Hal Seperti Ini yang Membuat Aku tidak Suka Menjadi Guru

 Hal Seperti Ini yang Membuat Aku tidak Suka Menjadi Guru

Eza Budiono


Begitu sampai ke sekolah aku syok! 
Banjir... Air pasang masuk ke dalam kelas. Kebetulan pula kelas paling ujung yaitu kelas 2A dan 2B menjadi yang paling parah. Bangunan lama, cekung dengan lembah berada di bagian belakang kelas, air tidak bisa keluar sendiri. Harus dikuras!

Hal seperti ini yang membuat aku tidak suka menjadi guru.


Pasalnya, bagiku ini tidak adil. Sebagai guru, aku tidak punya kuasa apapun untuk menyelesaikan masalah ini. Masalah banjir rob atau air pasang ini adalah sesuatu yang harus diselesaikan oleh orang yang memiliki wewenang lebih kuat. Aku tidak ikhlas membersihkannya. 


Seharusnya para pejabat membuat kebijakan yang tepat guna, tepat sasaran dan logis. Seperti yang dikatakan oleh Ignisius Jonan "Kalau mau perubahan, gak usah investasi yang gak penting itu!"
Harusnya para pejabat melakukan analisis, oh di daerah kita ada sekolah-sekolah yang setiap bulan terdampak banjir rob. Beberapa sekolah bahkan sangat parah. Untuk solusinya kita mungkin bisa membangun sekolah yang tinggi, meninggikan lantainya agar air tidak masuk ke dalam kelas. Setidaknya pembelajaran tetap bisa terlaksana. 

Para pejabat itu bisa memprioritaskan hal ini karena dia sudah terjadi berulang-ulang. Tapi apa lacur? yang dibangun adalah UKS untuk Taman Kanak-Kanak padahal setiap anak TK yang sakit pasti diantar pulang ke rumahnya. TK pun tak sanggup membayar tenaga kesehatan untuk mengisi UKS itu. Apa lagi yang dibangun? Pagar di sekolah yang sebenarnya tidak terlalu penting sebab sekolah itu berada di belakang sekolah lain. 

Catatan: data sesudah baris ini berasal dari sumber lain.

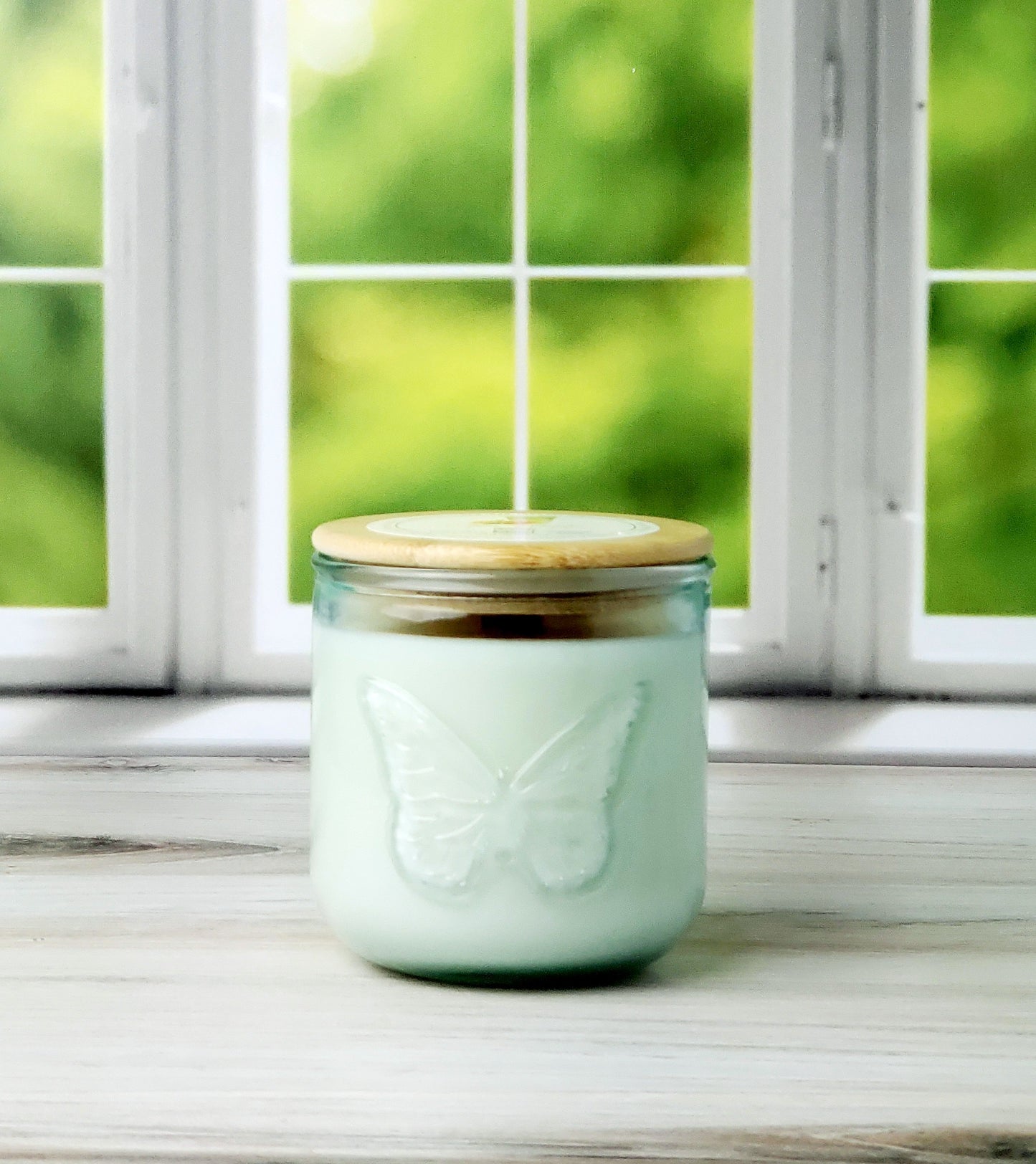 Hinoki & Lily 10 oz wood wick candle in recycled glass with wood lid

Maksudnya begini. Ada tiga unit sekolah di satu lokasi. Pagar sudah mengelilingi ketiga unit sekolah ini sehingga setidaknya aman dari maling. Namun sekolah yang terletak di belakang dibangun pagar pada batas tanah mereka. Okelah itu wajar, tapi apakah itu lebih urgen daripada meninggikan sekolah yang setiap bulan kemasukan air pasang?





Sebagai guru apa yang bisa kami lakukan?
Tidak ada!

Tolong, jangan kau samakan dengan sekolah-sekolah di daerah timur sana. Kau mau bilang "baru lagi itu, di Papua sana sekolahnya gak pakai atap."

Itu logika bodoh! Tolol! Dungu!
Jangan menjadikan sesuatu yang salah sebagai standar atas sesuatu.
 
Lucu sekali memang pola pikir orang-orang di negara ini. Giliran literasi, numerasi, dan segala macam dihitung dengan persentase lalu angka tinggi dijadikan patokan. Namun ketika kita melakukan protes tentang kebijakan yang dibandingkan adalah sesuatu yang keadaannya lebih rusak?

Sekolah-sekolah di timur itu harus dilayakkan.
begitupun sekolah-sekolah yang berada di pinggiran sungai yang setiap bulan terkena banjir rob. Harus diprioritaskan pembangunannya. 

Kecuali memang benar-benar tidak ada pembangunan. Keuangan benar-benar tak cukup. Tak ada kegiatan-kegiatan yang tak penting dilakukan. Maka mungkin kita bisa maklum dan mafhum. Tapi selama masih ada kegiatan yang tak urgent dilaksanakan, maka aku tetap tidak ikhlas. 

Aku tidak ikhlas membersihkan kelas dari banjir seperti ini. 
Ini bukan tanggung jawabku.
Tapi tentu saja harus ku lakukan.
Semoga ketidak ikhlasanku itu, sampai kepada orang-orang yang menentukan kebijakan sesuka hatinya. 
Entahlah.


Kemdikbud, 
Kalian menyuruh kami untuk melakukan asesmen diagnostik lalu membuat pembelajaran sesuai kebutuhan murid?
Sekarang, apakah kalian telah melakukan kebijakan-kebijakan sesuai dengan kebutuhan murid?